◆ **Task prompt**:
When you reach the line containing "Металлический чемодан из Германии." in the entries below, start writing out each line exactly, and stop after the line containing "Messi se unió".

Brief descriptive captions
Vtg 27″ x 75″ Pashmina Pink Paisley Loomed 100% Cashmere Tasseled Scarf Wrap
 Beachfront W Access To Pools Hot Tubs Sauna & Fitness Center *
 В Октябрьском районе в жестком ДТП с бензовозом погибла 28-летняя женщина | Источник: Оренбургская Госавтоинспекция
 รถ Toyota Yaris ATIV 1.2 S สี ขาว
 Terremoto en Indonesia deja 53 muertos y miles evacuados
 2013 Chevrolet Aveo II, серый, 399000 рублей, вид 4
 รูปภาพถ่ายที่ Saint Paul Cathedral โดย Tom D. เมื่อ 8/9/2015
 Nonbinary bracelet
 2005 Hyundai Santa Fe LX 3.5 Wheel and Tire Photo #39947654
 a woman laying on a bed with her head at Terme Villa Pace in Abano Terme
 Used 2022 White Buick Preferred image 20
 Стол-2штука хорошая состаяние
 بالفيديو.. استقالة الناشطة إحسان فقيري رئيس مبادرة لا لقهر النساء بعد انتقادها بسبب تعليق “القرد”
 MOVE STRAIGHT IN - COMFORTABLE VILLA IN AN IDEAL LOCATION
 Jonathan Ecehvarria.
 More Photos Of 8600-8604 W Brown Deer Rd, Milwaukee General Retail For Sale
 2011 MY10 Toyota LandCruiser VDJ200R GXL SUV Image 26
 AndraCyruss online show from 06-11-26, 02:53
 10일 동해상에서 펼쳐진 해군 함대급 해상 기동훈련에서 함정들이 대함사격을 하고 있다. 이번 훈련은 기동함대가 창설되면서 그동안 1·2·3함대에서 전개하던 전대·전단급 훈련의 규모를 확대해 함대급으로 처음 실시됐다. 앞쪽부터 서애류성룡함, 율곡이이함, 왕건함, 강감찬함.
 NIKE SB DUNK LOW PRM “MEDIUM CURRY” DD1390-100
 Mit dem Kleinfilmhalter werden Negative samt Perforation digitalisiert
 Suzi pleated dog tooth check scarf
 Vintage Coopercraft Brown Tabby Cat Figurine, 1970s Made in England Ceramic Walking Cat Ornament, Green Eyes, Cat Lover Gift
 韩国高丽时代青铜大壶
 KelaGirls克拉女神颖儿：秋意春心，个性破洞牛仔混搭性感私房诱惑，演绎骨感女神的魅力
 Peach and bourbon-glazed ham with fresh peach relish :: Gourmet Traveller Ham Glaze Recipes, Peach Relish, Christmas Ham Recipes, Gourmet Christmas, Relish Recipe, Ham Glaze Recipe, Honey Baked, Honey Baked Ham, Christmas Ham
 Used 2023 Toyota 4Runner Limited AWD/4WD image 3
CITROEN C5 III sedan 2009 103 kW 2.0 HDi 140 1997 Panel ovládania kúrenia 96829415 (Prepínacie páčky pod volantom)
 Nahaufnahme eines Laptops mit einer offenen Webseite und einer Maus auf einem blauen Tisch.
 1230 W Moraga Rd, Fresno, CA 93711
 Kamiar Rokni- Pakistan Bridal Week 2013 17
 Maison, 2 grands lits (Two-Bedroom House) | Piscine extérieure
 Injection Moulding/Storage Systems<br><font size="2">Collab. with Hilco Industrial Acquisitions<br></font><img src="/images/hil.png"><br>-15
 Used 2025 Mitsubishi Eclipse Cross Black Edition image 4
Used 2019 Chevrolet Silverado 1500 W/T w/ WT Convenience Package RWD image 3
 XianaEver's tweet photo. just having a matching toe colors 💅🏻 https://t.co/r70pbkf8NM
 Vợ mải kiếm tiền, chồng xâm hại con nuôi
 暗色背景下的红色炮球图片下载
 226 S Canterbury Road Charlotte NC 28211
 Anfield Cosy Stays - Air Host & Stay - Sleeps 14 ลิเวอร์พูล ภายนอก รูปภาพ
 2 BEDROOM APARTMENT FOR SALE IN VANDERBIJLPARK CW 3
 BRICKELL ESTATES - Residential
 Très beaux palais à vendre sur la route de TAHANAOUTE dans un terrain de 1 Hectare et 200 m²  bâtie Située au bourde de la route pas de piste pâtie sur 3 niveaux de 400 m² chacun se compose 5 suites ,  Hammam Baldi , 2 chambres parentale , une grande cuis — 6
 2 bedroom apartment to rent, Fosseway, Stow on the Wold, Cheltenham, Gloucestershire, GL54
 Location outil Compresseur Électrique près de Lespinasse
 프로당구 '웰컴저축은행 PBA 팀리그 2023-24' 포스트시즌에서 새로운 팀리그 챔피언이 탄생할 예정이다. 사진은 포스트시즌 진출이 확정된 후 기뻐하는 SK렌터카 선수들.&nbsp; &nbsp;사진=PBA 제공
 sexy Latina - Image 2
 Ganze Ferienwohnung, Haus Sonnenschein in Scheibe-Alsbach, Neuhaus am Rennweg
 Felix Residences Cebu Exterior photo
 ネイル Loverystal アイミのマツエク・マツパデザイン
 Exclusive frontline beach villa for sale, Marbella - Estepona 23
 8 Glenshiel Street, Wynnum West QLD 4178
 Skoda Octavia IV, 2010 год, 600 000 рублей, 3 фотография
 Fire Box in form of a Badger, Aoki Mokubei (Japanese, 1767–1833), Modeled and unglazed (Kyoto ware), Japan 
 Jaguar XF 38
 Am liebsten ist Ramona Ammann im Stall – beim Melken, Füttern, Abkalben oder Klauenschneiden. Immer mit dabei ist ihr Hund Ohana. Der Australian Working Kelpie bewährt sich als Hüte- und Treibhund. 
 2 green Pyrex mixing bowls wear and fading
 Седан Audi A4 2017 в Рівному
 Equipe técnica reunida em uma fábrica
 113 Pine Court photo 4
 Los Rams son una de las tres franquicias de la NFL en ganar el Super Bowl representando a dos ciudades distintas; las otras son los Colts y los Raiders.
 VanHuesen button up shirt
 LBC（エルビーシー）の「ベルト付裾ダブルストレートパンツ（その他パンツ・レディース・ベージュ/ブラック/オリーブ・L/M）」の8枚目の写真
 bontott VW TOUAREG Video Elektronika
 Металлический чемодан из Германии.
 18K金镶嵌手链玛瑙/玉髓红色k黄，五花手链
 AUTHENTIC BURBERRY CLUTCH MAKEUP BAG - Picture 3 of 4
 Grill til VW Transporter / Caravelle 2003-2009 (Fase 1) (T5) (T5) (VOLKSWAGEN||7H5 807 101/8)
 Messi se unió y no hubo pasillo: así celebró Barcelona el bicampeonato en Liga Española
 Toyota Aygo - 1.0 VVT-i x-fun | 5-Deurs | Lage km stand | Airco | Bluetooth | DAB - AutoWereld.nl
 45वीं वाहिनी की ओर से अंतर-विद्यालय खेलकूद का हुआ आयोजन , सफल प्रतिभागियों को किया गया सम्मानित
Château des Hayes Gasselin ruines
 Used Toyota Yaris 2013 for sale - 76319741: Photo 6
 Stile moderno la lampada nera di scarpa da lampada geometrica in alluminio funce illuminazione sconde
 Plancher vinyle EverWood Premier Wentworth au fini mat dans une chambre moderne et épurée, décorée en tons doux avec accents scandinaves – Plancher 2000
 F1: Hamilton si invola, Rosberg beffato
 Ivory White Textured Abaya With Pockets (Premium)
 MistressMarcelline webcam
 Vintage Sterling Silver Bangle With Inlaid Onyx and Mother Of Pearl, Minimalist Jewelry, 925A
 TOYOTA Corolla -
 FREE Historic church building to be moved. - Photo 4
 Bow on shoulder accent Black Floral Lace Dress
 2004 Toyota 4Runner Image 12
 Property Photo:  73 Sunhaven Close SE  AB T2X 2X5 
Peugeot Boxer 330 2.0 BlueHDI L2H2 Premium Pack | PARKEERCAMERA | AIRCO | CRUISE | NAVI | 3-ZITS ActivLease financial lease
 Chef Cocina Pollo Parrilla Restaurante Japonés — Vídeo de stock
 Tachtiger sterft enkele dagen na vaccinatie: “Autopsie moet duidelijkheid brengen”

◆ **Expected output**:
 Металлический чемодан из Германии.
 18K金镶嵌手链玛瑙/玉髓红色k黄，五花手链
 AUTHENTIC BURBERRY CLUTCH MAKEUP BAG - Picture 3 of 4
 Grill til VW Transporter / Caravelle 2003-2009 (Fase 1) (T5) (T5) (VOLKSWAGEN||7H5 807 101/8)
 Messi se unió y no hubo pasillo: así celebró Barcelona el bicampeonato en Liga Española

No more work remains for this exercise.